I'm starting a thread for this, which I hope/expect to die. It's in response to a subtopic in the F1 2024 thread which I half regret stirring up, and I'm sticking this here because that thread was getting back to folks enjoying discussion of F1 and it didn't need more of my grousing about that series. I don't recommend bothering, but the context is here: https://grassrootsmotorsports.com/forum/grm/formula-1-2024-season/260268/page1/
In reply to alfadriver :
The Pinnacle. It is because we say it is. But it's a chicken and egg problem. I really think that if a new series had F1's issues with the ability to race, prescriptive design, contrived rules for both construction and competition, it would never even survive to its second season. F1 gets to keep trundling along because it's F1™, and retains the luminaries. That's not nothing; they are the very best, and would be if they were racing Formula Vee. My point, such as it is, is that the FIA no longer really deserves these people, but unless and until everyone agrees on a different pinnacle, that's where the funding will be and where the best drivers and engineers will remain. If something has enough problems, it makes sense to question whether it should be the pinnacle regardless of whether the heir is obvious, or even extant yet.

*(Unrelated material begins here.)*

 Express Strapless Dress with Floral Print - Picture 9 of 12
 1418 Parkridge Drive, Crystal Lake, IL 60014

I think we agree that BOP and DRS are band-aids because the racing would otherwise not be compelling. Which tools are acceptable is a matter of opinion. I don't love BOP, but I feel that it makes sense to try to make changes that simply reduce the gaps in capability. DRS, to me, feels too much like the Mario Kart algorithm of "you're behind right now in this race, here's a boost." It's not addressing the question of whether car A lacks capability compared to car B, it's just making it possible for the car behind to make a pass that the current cars are incapable of doing for too much of the time without that intervention. Maybe it was a necessary step, but for it to be in its fourteenth year with no sunset in sight feels like they've failed at what should have been a (the?) top priority, if a really hard one. The lack of a better solution suggests to me that the people running F1 are not of the same caliber as the people racing F1 (it feels like a management issue, as F1s technical department has usually been staffed by former team technical heads, right? I was just sanity checking myself and read about Tim Goss' departure as technical director, with an observation about the FIA being unwilling to make changes...)

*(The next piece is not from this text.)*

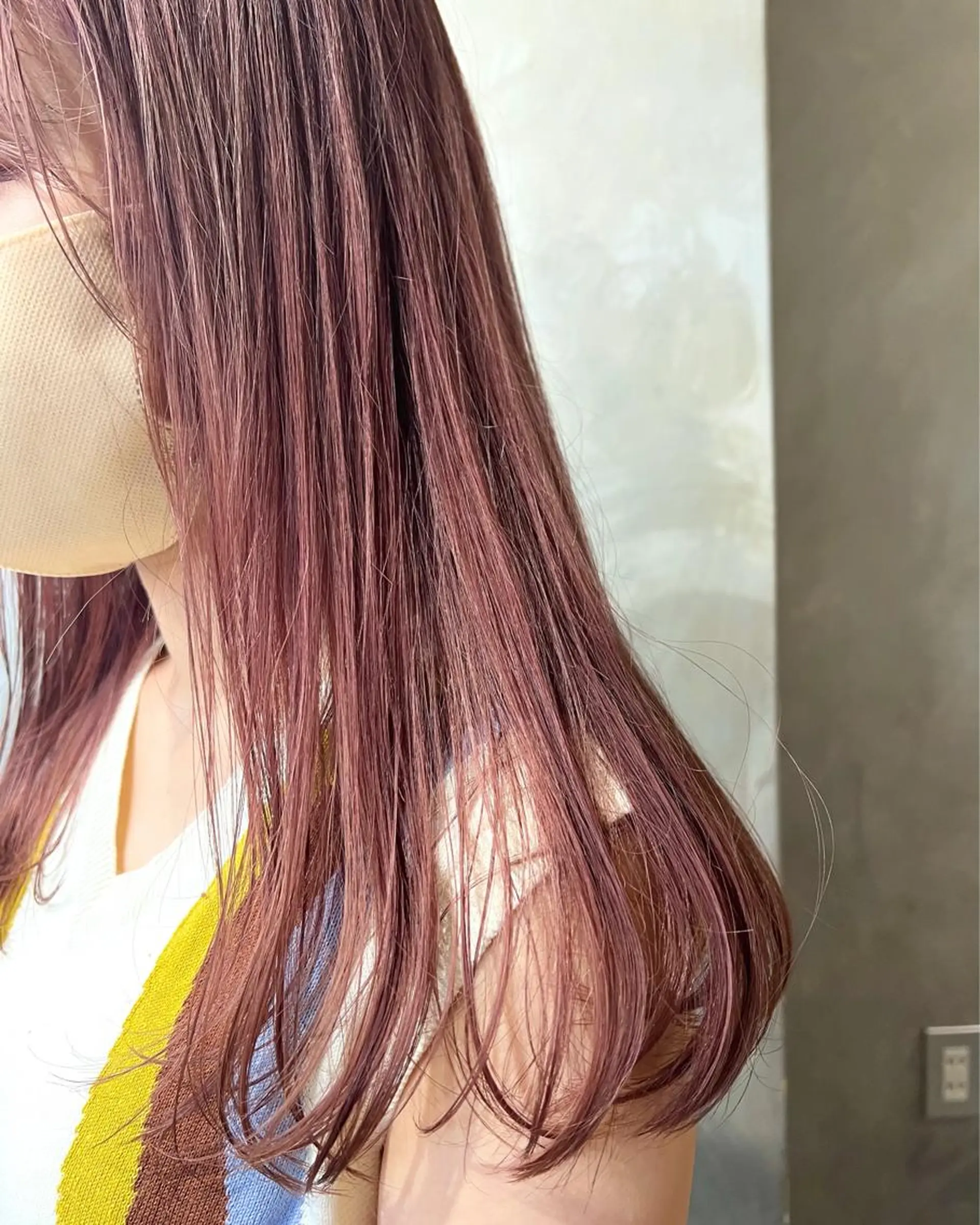 セミロング カラー ブリーチ カット ヘアカラー トリートメント ツキノキ ミナのヘアスタイル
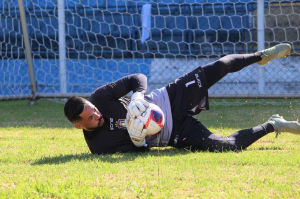 Copa Paulista: Em busca da classificação, goleiro do São Caetano acredita em partida disputada contra o Atibaia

They've tried smaller wings, but have they tried no wings? I'm not an aerodynamicist, but it seems to me that splitters, dive planes, etc should be much less affected by dirty air than wings. Wings are really efficient, so small ones have a relatively large contribution. But if they lose all that efficiency in dirty air, we can't without intervention.

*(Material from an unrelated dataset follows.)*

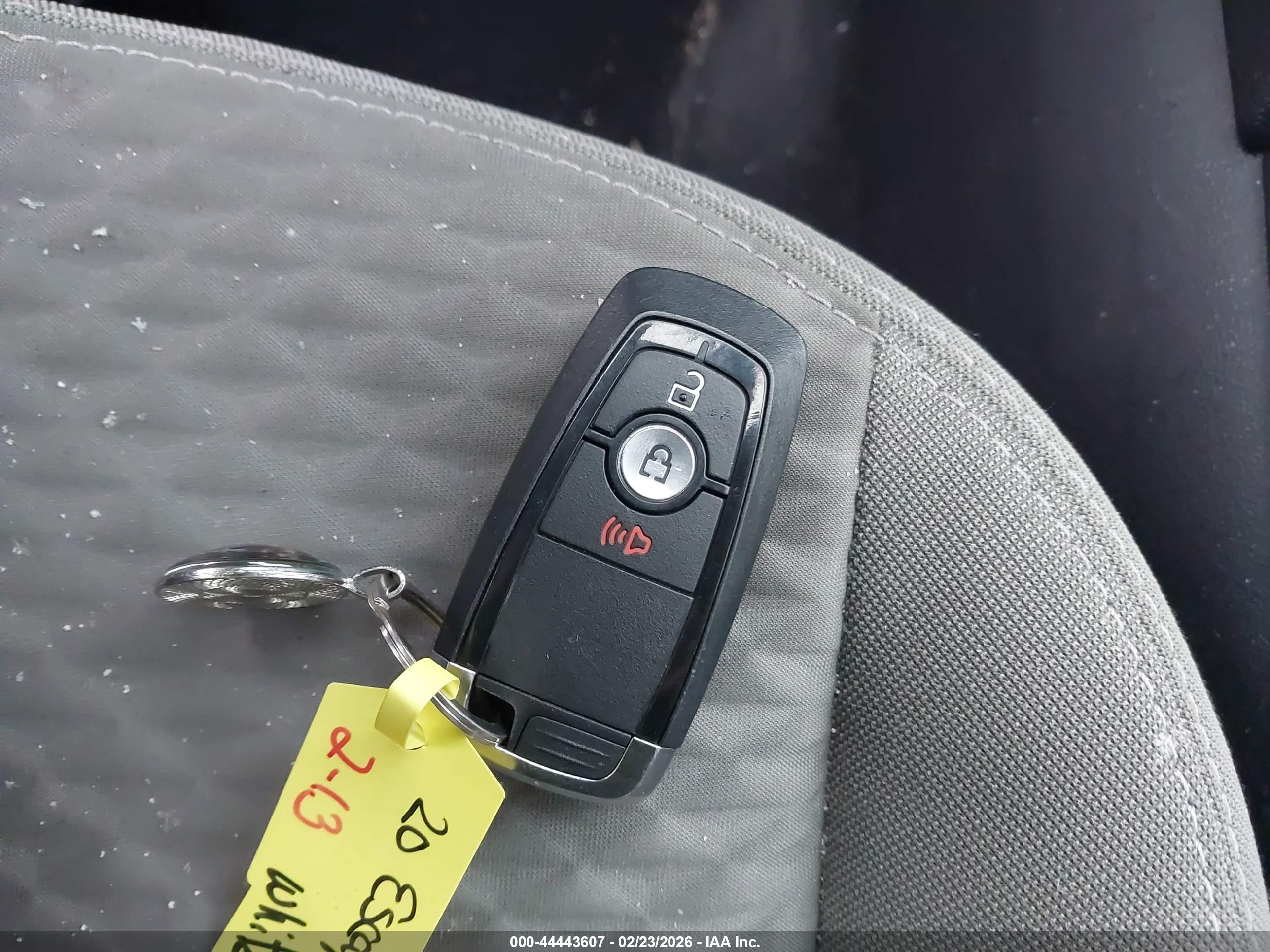 FORD ESCAPE image 11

All credit to Keith for the idea, sign me up for closed chassis. They're only notionally open anything right now with the pods, tire covers, and halos, and this aligns with my curiosity about losing the wings. Tradition? Fangio didn't have wings. At some level, we have what we have through the power of marketing and perception. At some point it's going to be time to celebrate a new direction rather than a tenuous link to historical cars. And that will be up to the FIA (or up to someone disrupting the whole thing with a new series, but I can't imagine funding that) because there isn't room in the rules for a team to show up with a different answer that solves the problem for them and changes the way cars are built like the moves to mid engine, the adoption of wings, or the introduction of ground effect. Fan cars? What if we brought that back and basically made wings and tunnels redundant? I don't love it, but perhaps it's a way to have downforce relatively unaffected by surrounding traffic and with enough control and capacity to avoid issues like porpoising and losing all downforce with small changes in ride height? Maybe it's a terrible idea, but at least I've contributed something to provide scale for the sort of change I think F1 needs to consider.
Thanks for reading, apologies for the tangent.